DIRECTIONS FOR THIS TASK: Begin at the line holding "The Leadership Paradox: Balancing" and set down exactly each line through the last one below, omitting pictures. Include nothing else.

··········

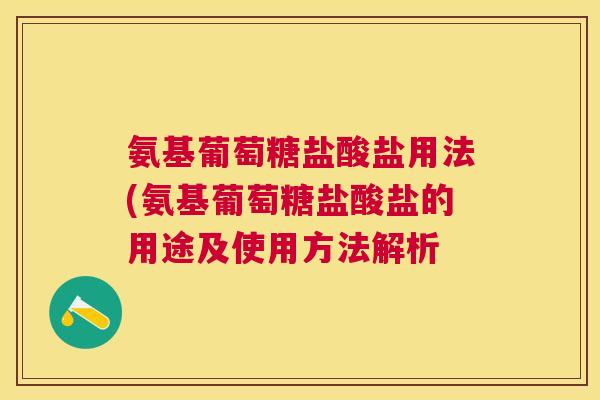 氨基葡萄糖盐酸盐用法(氨基葡萄糖盐酸盐的用途及使用方法解析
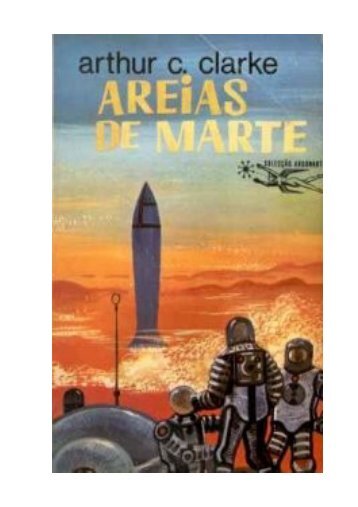 Arthur C. Clarke - Areias de Marte.pdf - Mkmouse.com.br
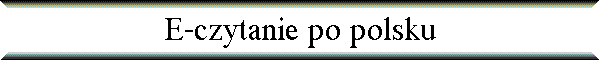 E-czytanie po polsku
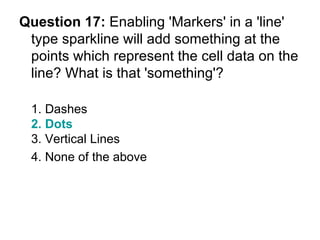 Question 17:  Enabling 'Markers' in a 'line' type sparkline will add something at the points which represent the cell data on the line? What is that 'something'? 1. Dashes 2. Dots 3. Vertical Lines 4. None of the above  
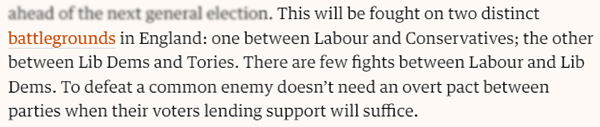 This will be fought on two distinct battlegrounds in England: one between Labour and Conservatives; the other between Lib Dems and Tories. There are few fights between Labour and Lib Dems. To defeat a common enemy doesn’t need an overt pact between parties when their voters lending support will suffice.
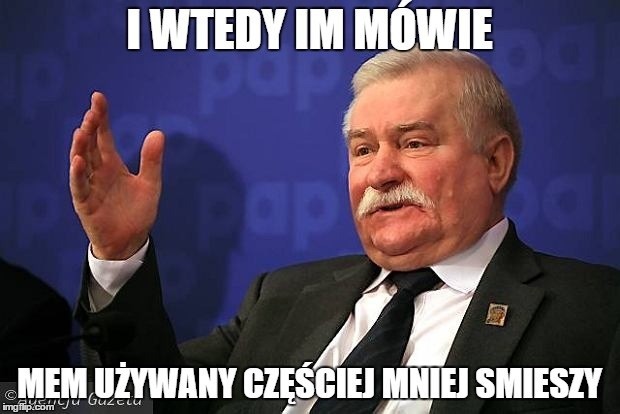 Lech Wałęsa MEMY Bo nakłonił Donalda Trumpa do prezydentury?...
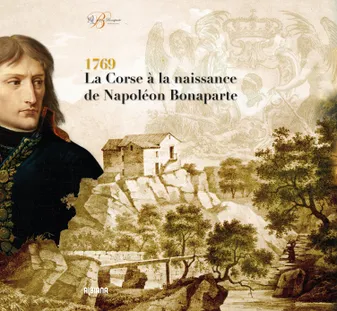 1769 La Corse à la naissance de Napoléon Bonaparte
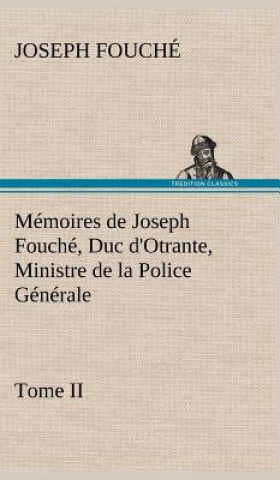 Buch Memoires de Joseph Fouche, Duc d'Otrante, Ministre de la Police Generale Tome II Joseph Fouché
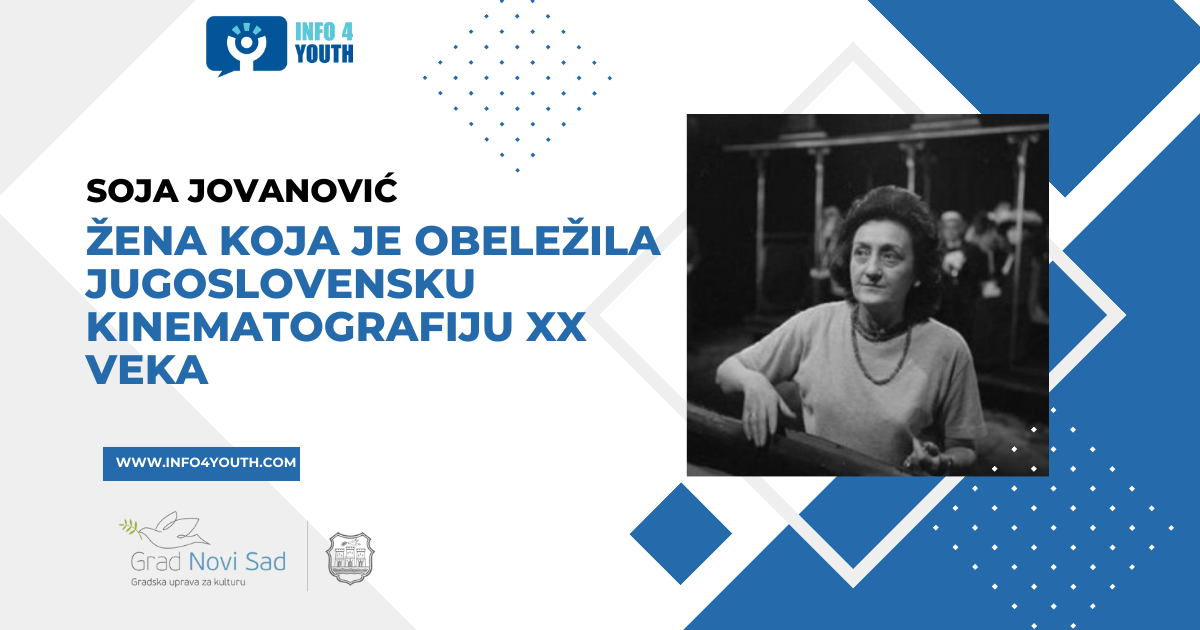 Soja Jovanović – žena koja je obeležila jugoslovensku kinematografiju XX veka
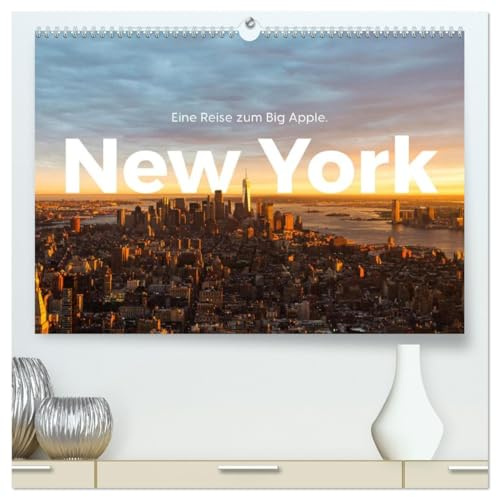 New York - Eine Reise zum Big Apple. (hochwertiger Premium Wandkalender 2026 DIN A2 quer), Kunstdruck in Hochglanz: Entdecken Sie die Weltstadt New York. (CALVENDO Natur)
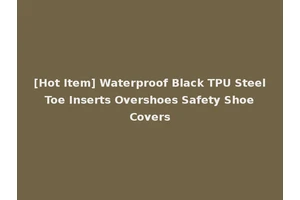 [Hot Item] Waterproof Black TPU Steel Toe Inserts Overshoes Safety Shoe Covers
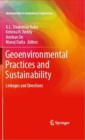 Geoenvironmental Practices and Sustainability : Linkages and Directions - Book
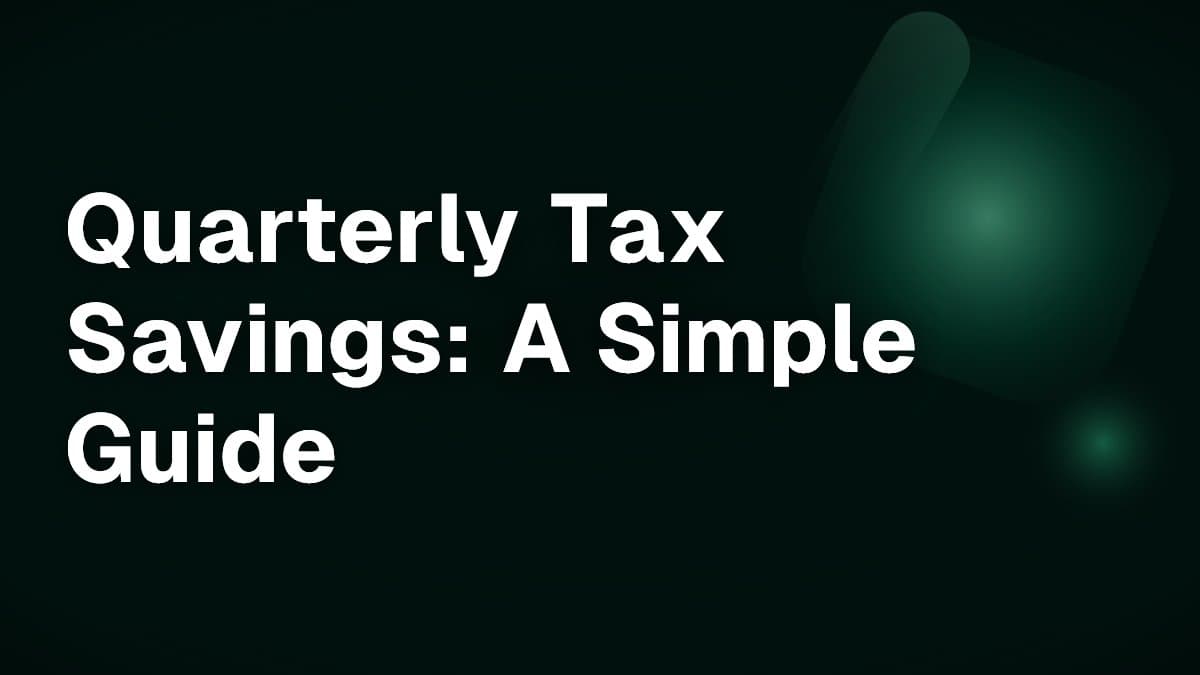 Quarterly Tax Savings: A Simple Guide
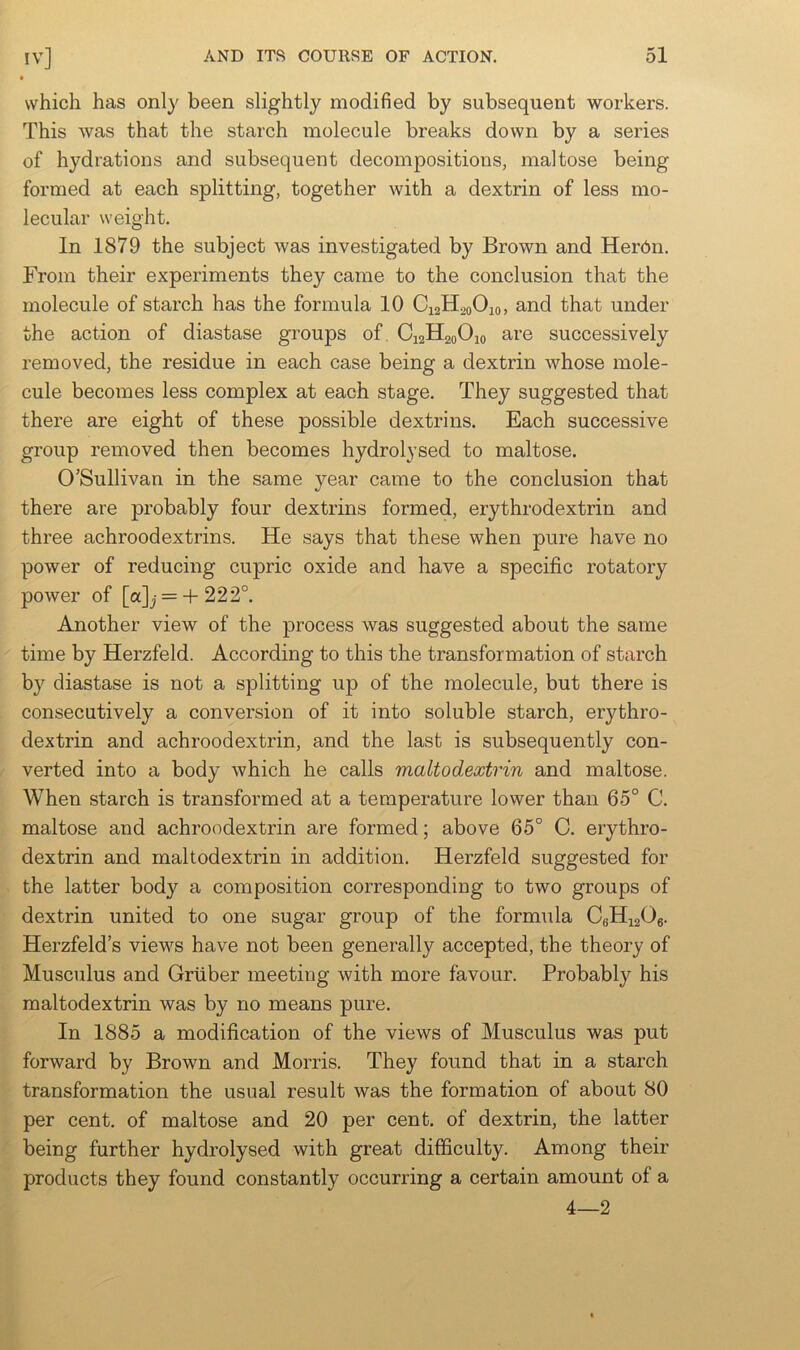 which has only been slightly modified by subsequent workers. This was that the starch molecule breaks down by a series of hydrations and subsequent decompositions, maltose being formed at each splitting, together with a dextrin of less mo- lecular weight. In 1879 the subject was investigated by Brown and Herdn. From their experiments they came to the conclusion that the molecule of starch has the formula 10 C12H20O10, and that under the action of diastase groups of C12H20O10 are successively removed, the residue in each case being a dextrin whose mole- cule becomes less complex at each stage. They suggested that there are eight of these possible dextrins. Each successive group removed then becomes hydrolysed to maltose. O’Sullivan in the same year came to the conclusion that there are probably four dextrins formed, erythrodextrin and three achroodextrins. He says that these when pure have no power of reducing cupric oxide and have a specific rotatory power of [a]j =-+-222°. Another view of the process was suggested about the same time by Herzfeld. According to this the transformation of starch by diastase is not a splitting up of the molecule, but there is consecutively a conversion of it into soluble starch, erjdhro- dextrin and achroodextrin, and the last is subsequently con- verted into a body which he calls maltodextrin and maltose. When starch is transformed at a temperature lower than 65° C. maltose and achroodextrin are formed; above 65° C. erythro- dextrin and maltodextrin in addition. Herzfeld suggested for the latter body a composition corresponding to two groups of dextrin united to one sugar group of the formula C6Hi20g. Herzfeld’s views have not been generally accepted, the theory of Musculus and Gruber meeting with more favour. Probably his maltodextrin was by no means pure. In 1885 a modification of the views of Musculus was put forward by Brown and Morris. They found that in a starch transformation the usual result was the formation of about 80 per cent, of maltose and 20 per cent, of dextrin, the latter being further hydrolysed with great difficulty. Among their products they found constantly occurring a certain amount of a 4—2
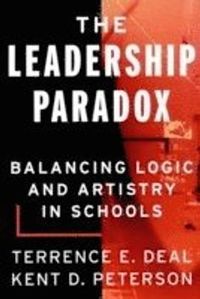 The Leadership Paradox: Balancing Logic and Artistry in Schools; Terrence E. Deal; 2000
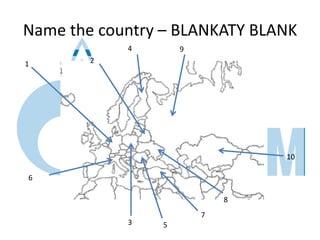 Name the country – BLANKATY BLANK
21
3
6
4
5
7
8
9
10
 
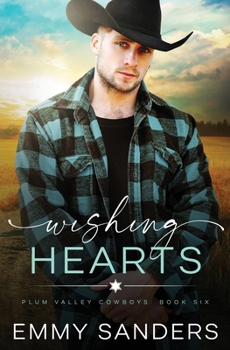 Paperback Wishing Hearts (Plum Valley Cowboys Book 6) Book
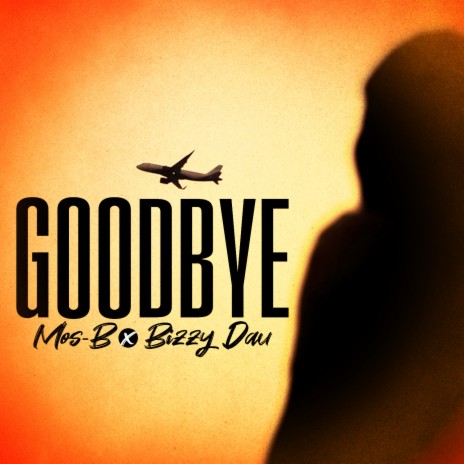 Goodbye ft. Bizzy Dau | Boomplay Music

··········

RESPONSE FOR THIS EXERCISE:
 The Leadership Paradox: Balancing Logic and Artistry in Schools; Terrence E. Deal; 2000
 Name the country – BLANKATY BLANK
21
3
6
4
5
7
8
9
10
 
 Paperback Wishing Hearts (Plum Valley Cowboys Book 6) Book
 Goodbye ft. Bizzy Dau | Boomplay Music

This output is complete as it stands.